2. Directory Deployment: Using an unpacked directory structure.

Typically, applications are deployed by placing WAR files or directories in the webapps folder of Tomcat. Configuration in server.xml might look like:

<Host name="localhost" appBase="webapps" unpackWARs="true" autoDeploy="true">
    <Valve className="org.apache.catalina.valves.AccessLogValve" directory="logs"
           prefix="localhost_access_log" suffix=".txt"
           pattern="%h %l %u %t &quot;%r&quot; %s %b" />
</Host>

• appBase: Specifies the deployment directory.
• unpackWARs: If true, WAR files are automatically extracted.
• autoDeploy: Enables hot deployment.
• Valve: Configures access logging for the virtual host.

3. XML Configurasion Deployment: Applications can be deployed via XML context descriptors, as shown:

<Context path="/MyApp" reloadable="false" docBase="C:\Projects\App\target\classes" />

• path: Defines the URL path for accessing the application.
• reloadable: If true, Tomcat monitors for changes in Java classes and reloads the context.
• docBase: Points to the application directory or WAR file location.

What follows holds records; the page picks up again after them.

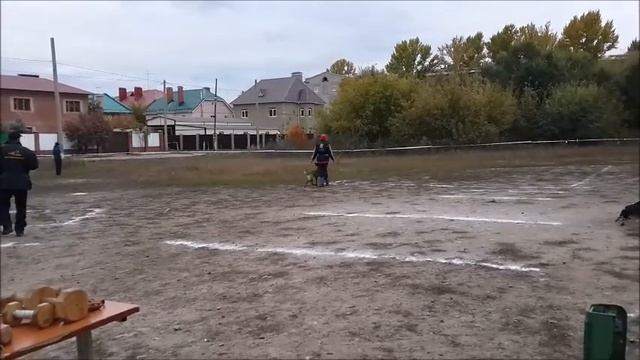 Йоко бх смотреть онлайн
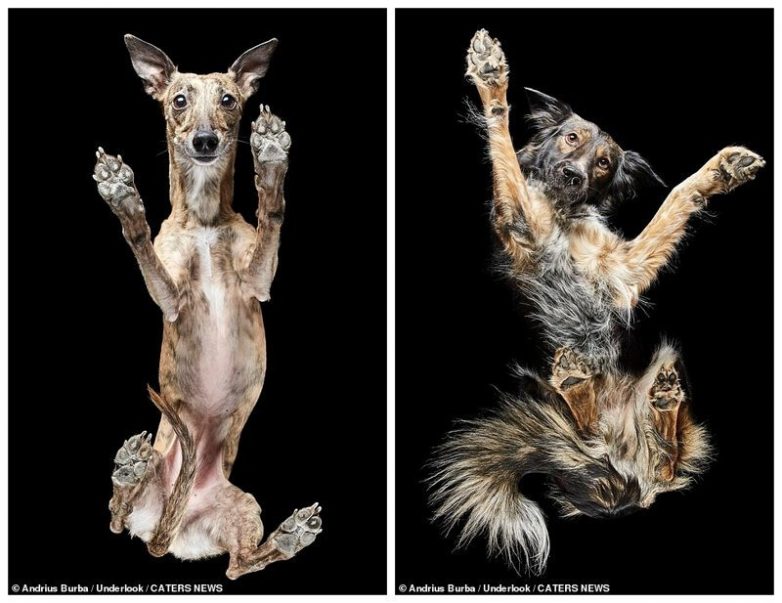 Оригинальные фотографии собак с неожиданного ракурса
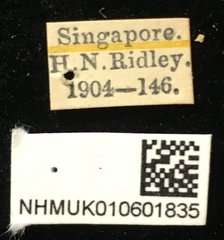 Aplosonyx sumatrensis•All Rights ReservedMuseum Label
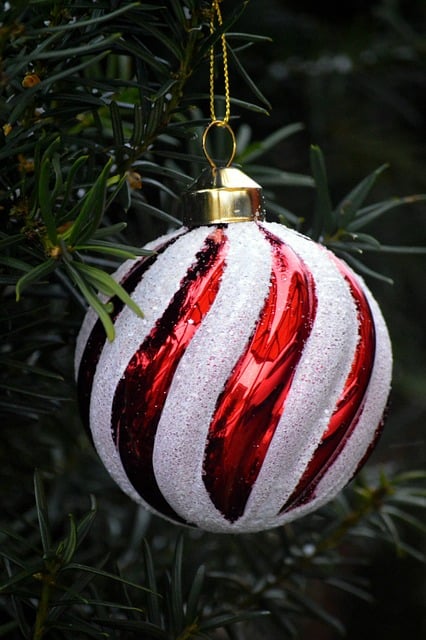 kerstbal in kersboom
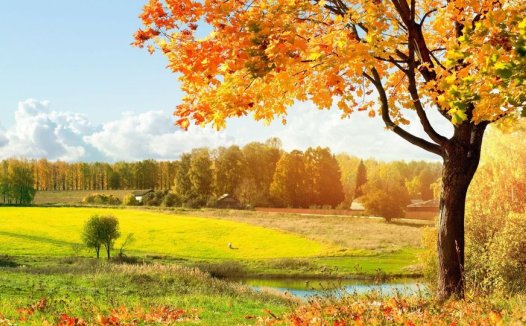 培土生金法在临床应用的体会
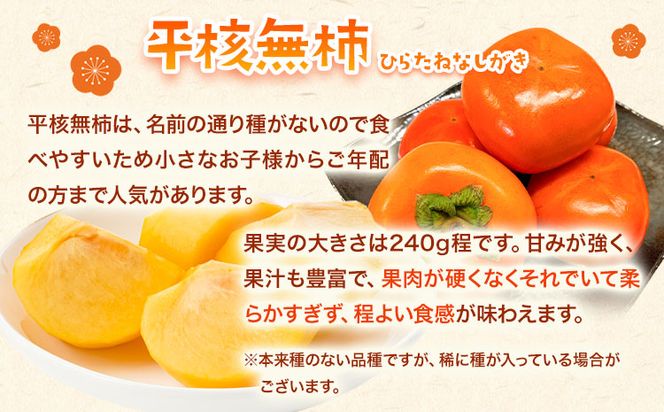 和歌山秋の味覚 平核無柿(ひらたねなしがき)約7.5kg 株式会社魚鶴商店《10月上旬-11月上旬頃出荷》 和歌山県 日高町 柿 カキ かき たねなし ジューシー フルーツ---wsh_uot33_ad1011_24_18000_75---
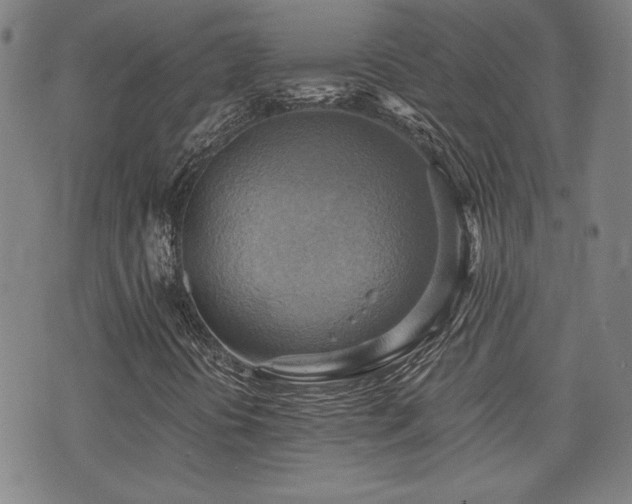 X0000075891394200609151334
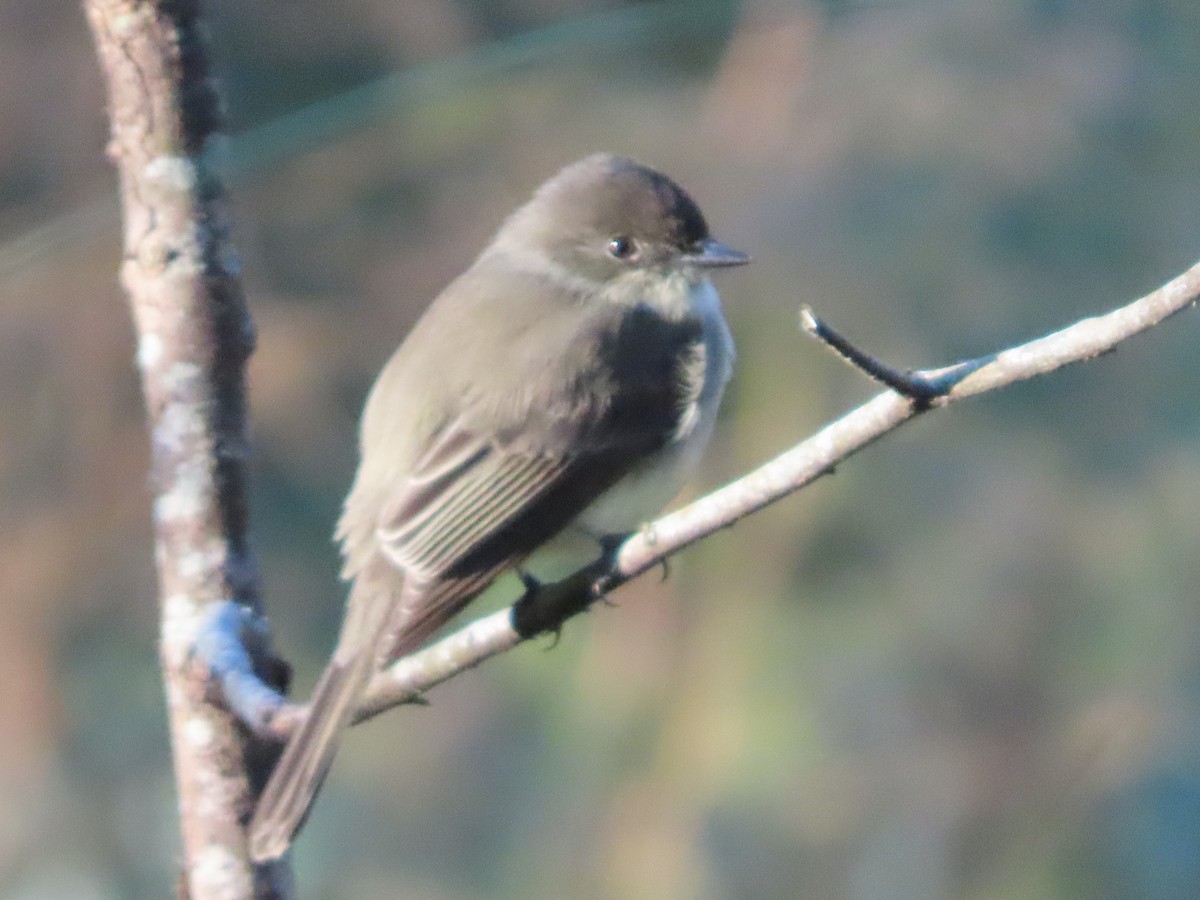 Eastern Phoebe - ML646413878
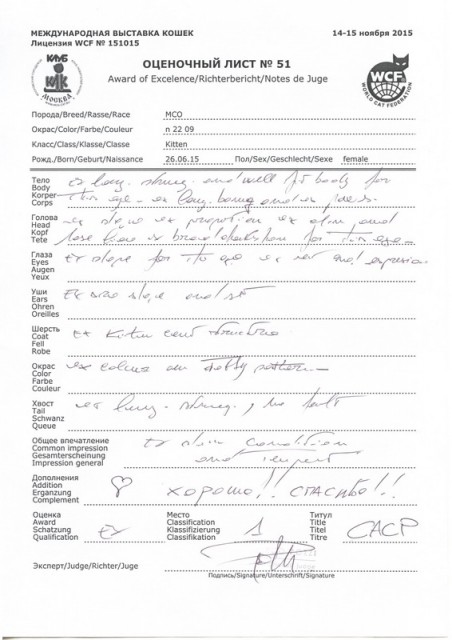 Кэт-Салон-Ноябрь, 14-15 ноября, VICTORY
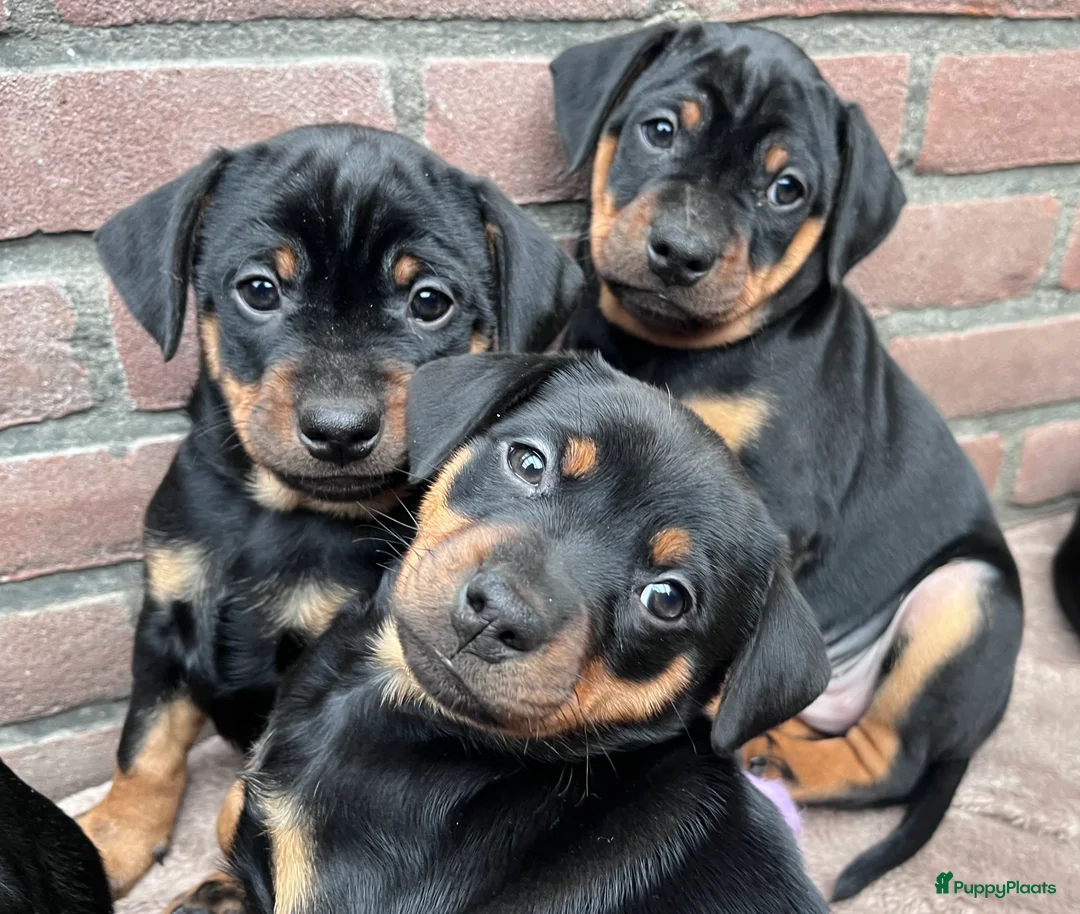 Kruising honden te koop: Carlin Pinscher Pups - Advertentie 21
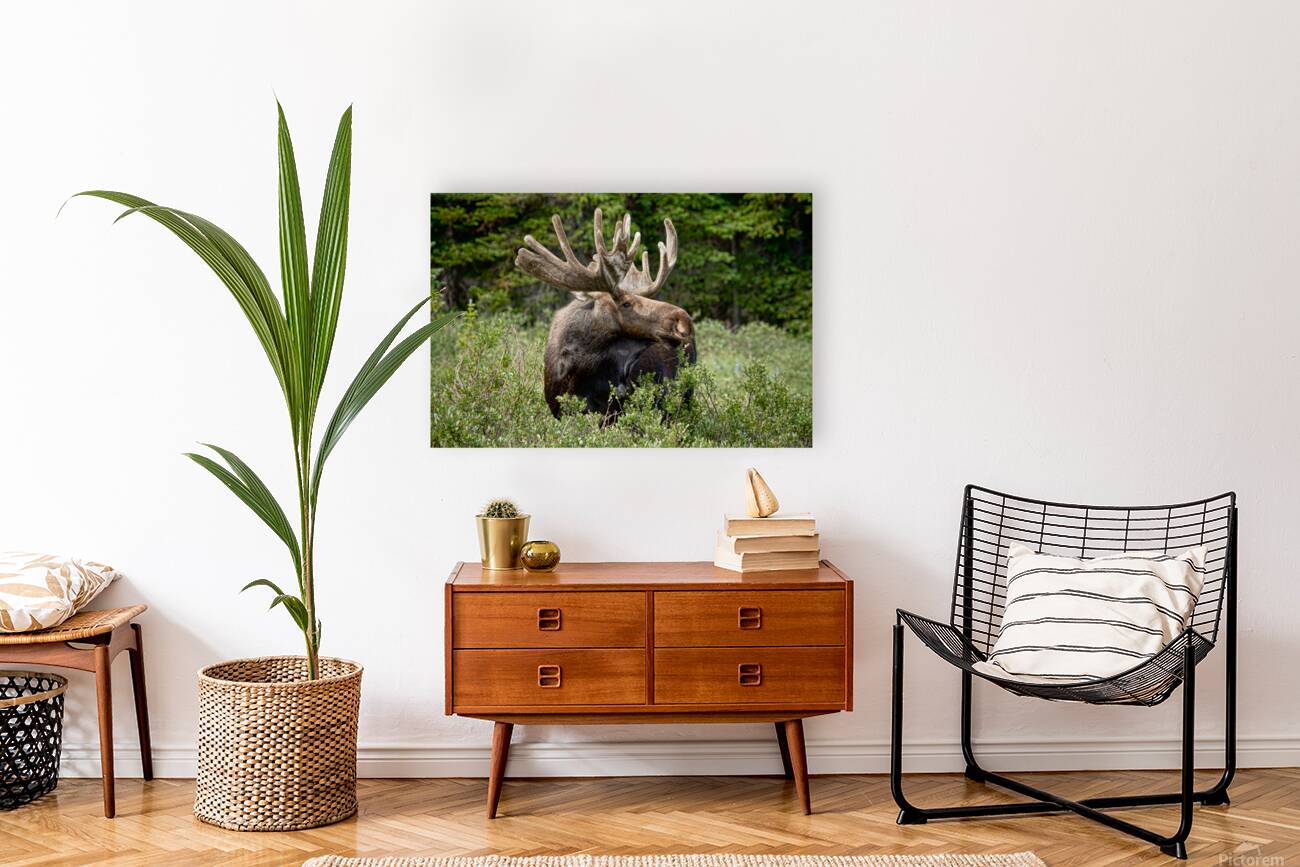 Bull Moose Wild Reproduction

Tomcat does not support direct JAR file deployment in webapps. Each subdirectory in webapps represents an application; JAR files placed there are treated as dependencies, not standalone apps.

Request Processing Mechanism

When a request is initiated, the following steps occur:

1. Data Assembly: The application assembles business data based on the request.

2. Connection Establishment: Data is formated according to HTTP protocol, which includes request line, headers, and body. HTTP operates at the application layer and relies on TCP/UDP for transport.

   Applications use operating system socket APIs, such as tcp_connect(), to establish TCP connections.

3. Data Transmission: Tomcat uses Connectors to handle incoming requests. A Connector is configured in server.xml:

<Connector port="8080" protocol="HTTP/1.1" connectionTimeout="20000" redirectPort="8443" />

Tomcat receives socket connections via Endpoint components. The Connector employs a ProtocolHandler to process requests, with different handlers for various connection types:

• AprEndpoint: Uses Apache Portable Runtime.
• JIoEndpoint: Implements blocking I/O (BIO).
• NioEndpoint: Implements non-blocking I/O (NIO).

In Tomcat 7, both NIO and BIO were available, with BIO as the default. From Tomcat 8 onward, NIO became the default, and BIO was deprecated.

Tomcat Container Hierarchy

Tomcat functions as a Servlet container, with a hierarchical structure:

• Container Interface: Inherits from Lifecycle and includes implementations: Engine, Host, Context, and Wrapper.
• Context Example: As defined in XML, Context is a child of Host, representing a web application context.

<Context path="/HelloWorld" reloadable="false" docBase="D:\Projects\Demo\target\classes" />

• Hierarchy: Engine manages multiple Hosts, each Host contains Contexts, and each Context manages multiple Wrappers. Wrappers are responsible for individual Servlets.

  In server.xml, Host nodes define virtual hosts. If no specific host matches, Tomcat defaults to localhost. This structure enables efficient request routing and management within the container.